This is not a nice piece; this is not even a kind piece. It is a piece on reality, a reality that most people embrace. Yes, you, my readers and even more those who do not read this blog, they are all part on the setting of tools. In this case a tool named Jamal Khashoggi, a person who ended up being more useful after life then whilst he was still alive.

If we were to ask anyone on October 1st and before: ‘Do you know Jamal Khashoggi?‘ The response in 99.6% would have been a clear No! Even among the Washington Post readers, many will not have known him. Yet now, the numbers are reversed 0.4% will not know him, a number that is actually a lot lower lower than the world percentage of dyslexic people on the internet.
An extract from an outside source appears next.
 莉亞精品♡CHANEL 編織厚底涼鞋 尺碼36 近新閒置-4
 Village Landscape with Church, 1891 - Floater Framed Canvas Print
So as a tool he has been useful.

Even now, when looking at the last few days of news we see:

  • Findings point to Jamal Khashoggi’s ‘body parts being melted’ in acid – News.com.au
  • Jamal Khashoggi killing: Turkish President claims ‘highest level of Saudi government’ behind murder – Nine.com.au
  • Who ordered the murder of Jamal Khashoggi? – Al Jazeera
  • One month after Jamal Khashoggi’s killing, these key questions remain unanswered – Washington Post
  • Khashoggi’s fiancée vows ‘there’ll be no cover up’ as claims emerge his body was ‘dissolved’ – SBS News
  • Khashoggi murder: Turkish leader blames Saudi state directly – BBC

And an overwhelming amount of articles are laced with ‘inside sources‘ and people like Yasin Aktay stating: “he believes it was dissolved in acid after being cut up“, yet these articles and the statements are absent of evidence, absent of clear documented and collected evidence giving rise to the quote made, merely people hiding behind ‘inside sources’ and ‘innuendo’, Nine News and others add a picture of the smiling Crown Prince Mohammed bin Salman, whilst there is no evidence of any kind that he was involved. So again we see “A Turkish official said he believes after Khashoggi was killed while in the consulate to pick up marriage documents, his body was dissolved in acid or other chemicals“, whilst three weeks ago, the Turkish government claimed to have audio tapes with evidence that he was cut up into pieces. So which version is true and why is the Turkish government not giving out all the evidence to show that they have it? Because the Turkish government does not really care, does it?

We see: “Turkey’s close ties to Saudi Arabia“, yet no one gives light to the fact that Turkey is for the most merely a puppet for Iran (my personal view in all this), that part is left out of the equation, the fact that Iran is in a proxy war with Saudi Arabia could pop up and that diminishes the use of this tool called Jamal Khashoggi.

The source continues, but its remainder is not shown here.